### Exercise objective
Among the entries below, copy only the span from the line containing "Аллиум SPHAEROCEPHALON 4-5" through the line containing "Cara Mudah Mencari". Do so exactly, and skip the pictures.

### Records provided
__________
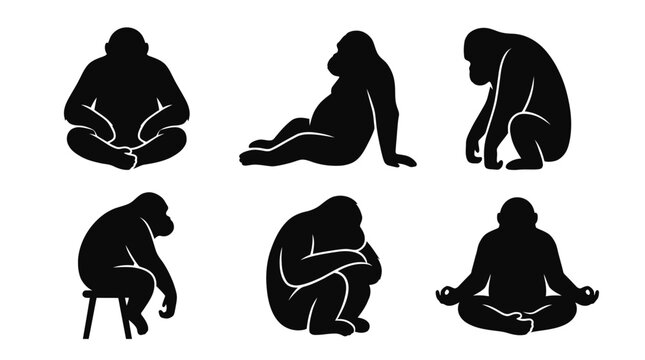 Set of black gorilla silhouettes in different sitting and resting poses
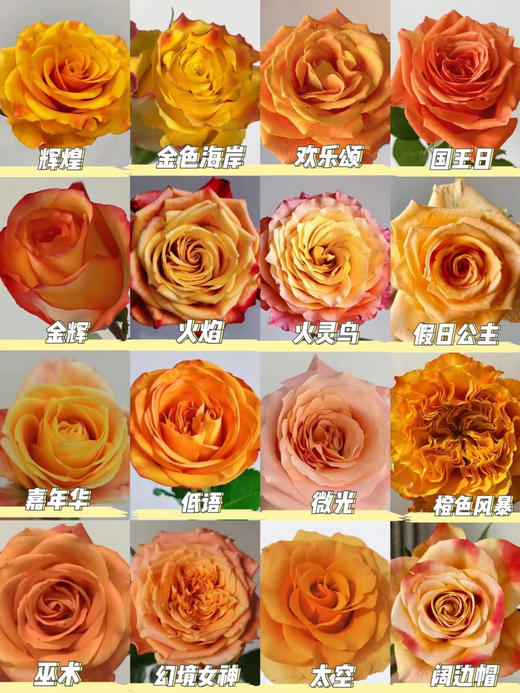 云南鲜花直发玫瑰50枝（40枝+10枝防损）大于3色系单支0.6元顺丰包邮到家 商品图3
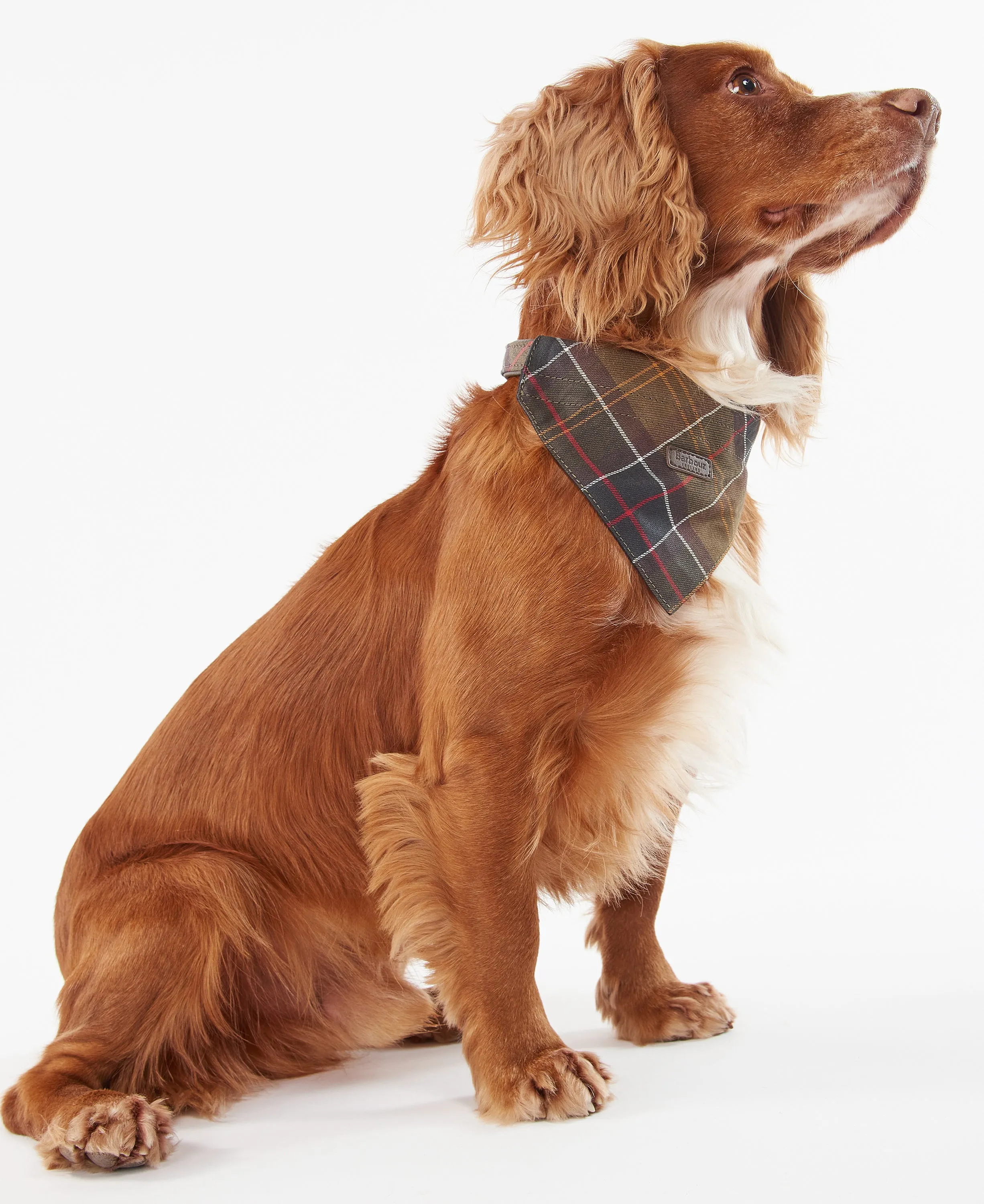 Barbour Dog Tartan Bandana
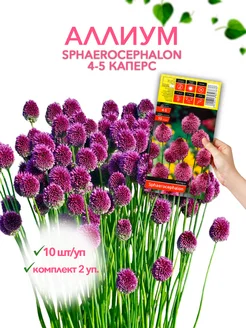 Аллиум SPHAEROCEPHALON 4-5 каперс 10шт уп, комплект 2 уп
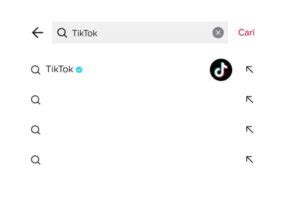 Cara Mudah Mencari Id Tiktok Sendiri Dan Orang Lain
__________
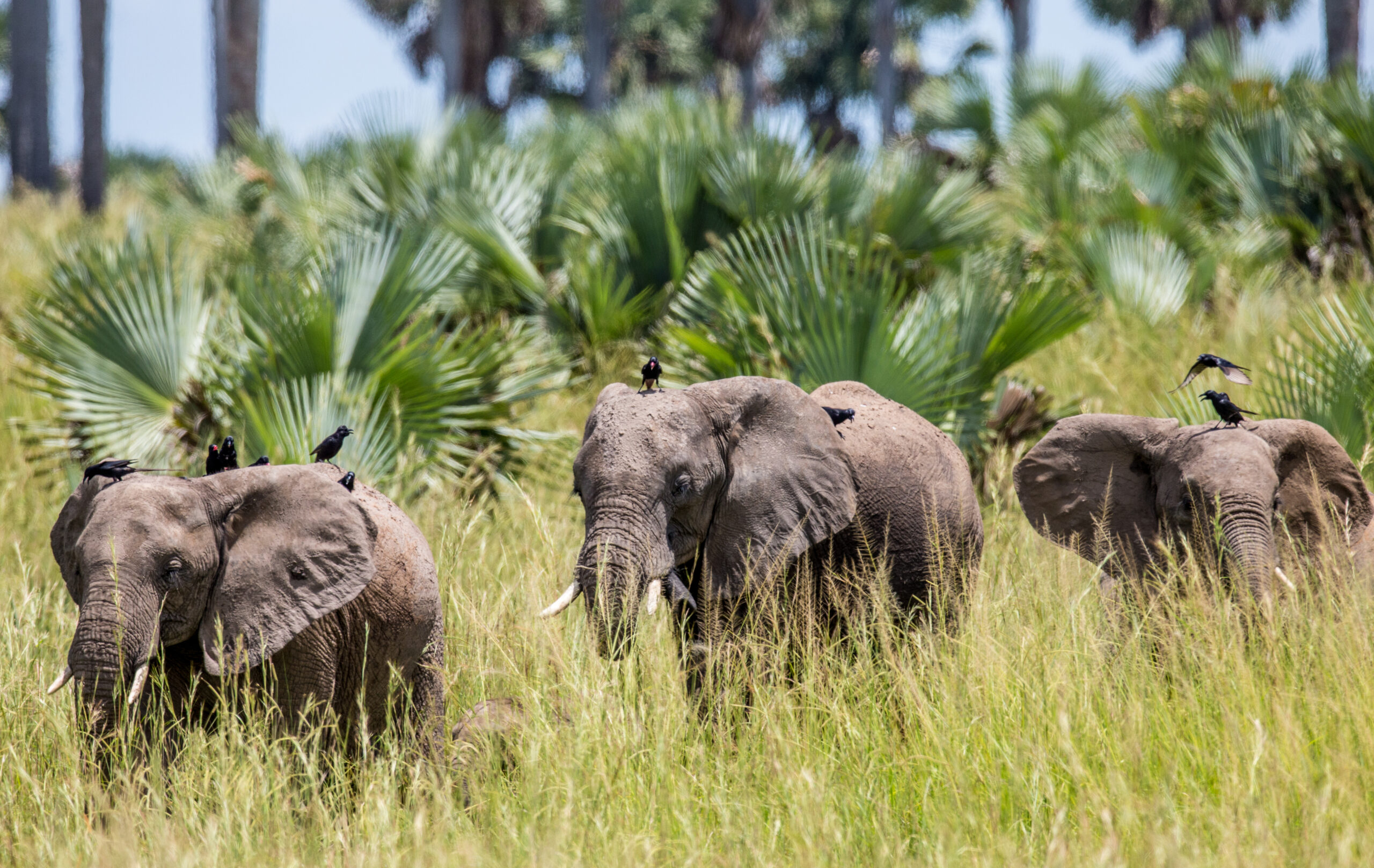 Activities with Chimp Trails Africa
__________
### Result of the task
 Аллиум SPHAEROCEPHALON 4-5 каперс 10шт уп, комплект 2 уп
 Cara Mudah Mencari Id Tiktok Sendiri Dan Orang Lain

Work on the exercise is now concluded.